According to a literary theory called structuralism, language does not reflect the world but rather creates its own reality. Structuralists argue that the world is constructed entirely by language and that this system predates humans even as they are born into the world. In other words, we do not use language to find out about the world; instead, language – which already exists – shapes how we see the world.

Structuralists also argue that meaning depends on difference. For example, the word ‘dog’ does not have meaning because it refers to a loveable furry animal, but because it is different from a ‘log’, a ‘hog’, a ‘bog’ and so on. Therefore, ‘dog’ derives its meaning from what it is not. The word may conjure up an image of a furry animal, but in reality there is no connection between the two; any association is completely arbitrary.

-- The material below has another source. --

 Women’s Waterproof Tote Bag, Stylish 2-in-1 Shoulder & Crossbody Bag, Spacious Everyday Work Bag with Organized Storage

For structuralists, meaning is produced through differences called binary oppositions. Students will be familiar with the idea and can probably identify examples like male/female, day/night, light/dark and so on. ‘Binary’ means ‘two parts’ and ‘opposition’ means ‘a contrast’. Therefore, in a binary opposition, two things are considered the direct opposites of one another. Structuralists say that this is how human beings see and organise reality.

As Behrendt observes, however, language can be political. Where there is a binary opposition, one side is often privileged over the other, which can lead to an ‘us’ and ‘them’ mentality. This is certainly true of the way most white European writers viewed First Nations peoples at the time Eliza Fraser told her story.

Activity

Direct students to create a simple table with two columns:

Colonial society First Nations peoples
 

 

 

 

 

 

In the right-hand column, they are to record words and phrases that Behrendt says were used in colonial storytelling to describe First Nations peoples. Then, in the left-hand column, they can list the opposites of those words and phrases.

Discuss with students how, in this case, the use of binary oppositions creates a very positive image of colonial society.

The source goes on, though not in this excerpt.